Please refer to Android NDK Document (https://developer.android.com/ndk/guides) for installation.
Please refer to Android ADB Document (https://developer.android.com/studio/command-line/adb) for installation.
git clone
cd FastConv/
make
-a is used to select algorithm
-tn is used to decide whether to autotune
-i is used to decide the number of iterations
-t is used to decide the number of threads
# Algorithm is automatically selected, no tuning, use default parameters, No. iterations is 10, No. threads is 8
./run_vgg16.sh -a auto -tn no_tuning -i 10 -t 8
# Algorithm is winograd, no tuning, use default parameters, No. iterations is 10, No. threads is 8
./run_vgg16.sh -a winograd -tn no_tuning -i 10 -t 8
# Algorithm is Im2col, no tuning, use default parameters, No. iterations is 10, No. threads is 8
./run_vgg16.sh -a im2col -tn no_tuning -i 10 -t 8
# Algorithm is automatically selected, tuning, No. iterations is 10, No. threads is 8
./run_vgg16.sh -a auto -tn tuning -i 10 -t 8
# Algorithm is winograd, tuning, No. iterations is 10, No. threads is 8
./run_vgg16.sh -a winograd -tn tuning -i 10 -t 8
# Algorithm is Im2col, tuning, No. iterations is 10, No. threads is 8
./run_vgg16.sh -a im2col -tn tuning -i 10 -t 8
# Algorithm is automatically selected, no tuning, use default parameters, No. iterations is 10, No. threads is 8
./run_resnet50.sh -a auto -tn no_tuning -i 10 -t 8
# Algorithm is winograd, no tuning, use default parameters, No. iterations is 10, No. threads is 8
./run_resnet50.sh -a winograd -tn no_tuning -i 10 -t 8
# Algorithm is Im2col, no tuning, use default parameters, No. iterations is 10, No. threads is 8
./run_resnet50.sh -a im2col -tn no_tuning -i 10 -t 8
# Algorithm is automatically selected, tuning, No. iterations is 10, No. threads is 8
./run_resnet50.sh -a auto -tn tuning -i 10 -t 8
# Algorithm is winograd, tuning, No. iterations is 10, No. threads is 8
./run_resnet50.sh -a winograd -tn tuning -i 10 -t 8
# Algorithm is Im2col, tuning, No. iterations is 10, No. threads is 8
./run_resnet50.sh -a im2col -tn tuning -i 10 -t 8
First, upload the binary executable file and running scripts to the Android device.
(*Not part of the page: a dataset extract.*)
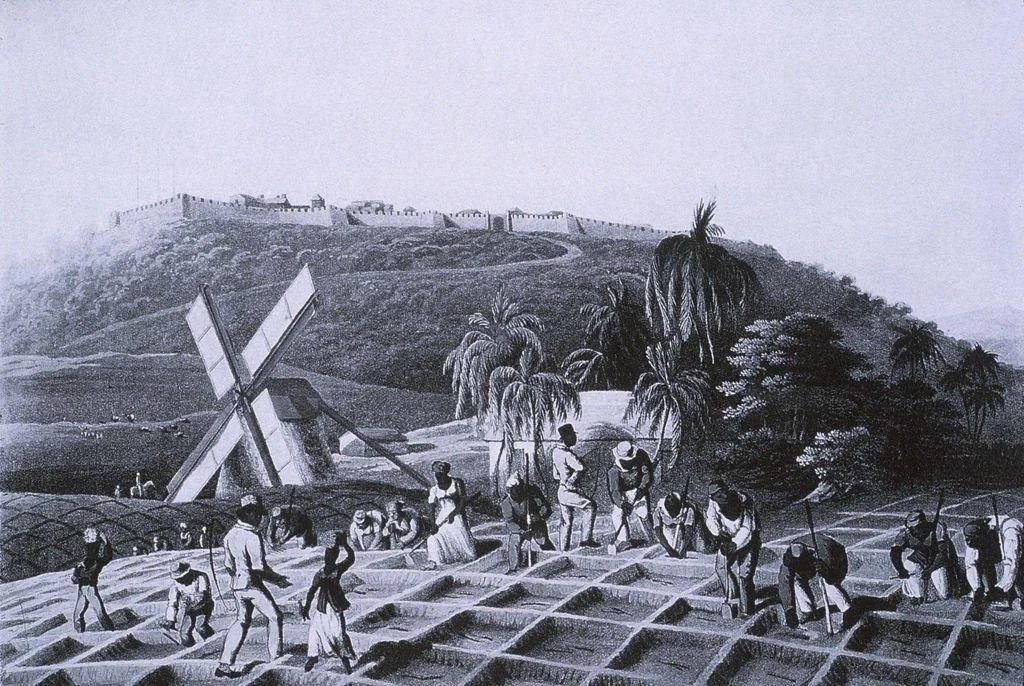 Slavesworkingsugar-17-18th C.jpg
# Upload the binary executable file
adb -s (Device_id) push ./winograd_dev $(PathinAndroiddevice)
# Upload the running scripts
adb -s (Device_id) push run_vgg16.sh $(PathinAndroiddevice)
adb -s (Device_id) push run_resnet50.sh $(PathinAndroiddevice)
# Connect to android device
adb -s (Device_id) shell
Then, the method of running this software is similar to running on Linux.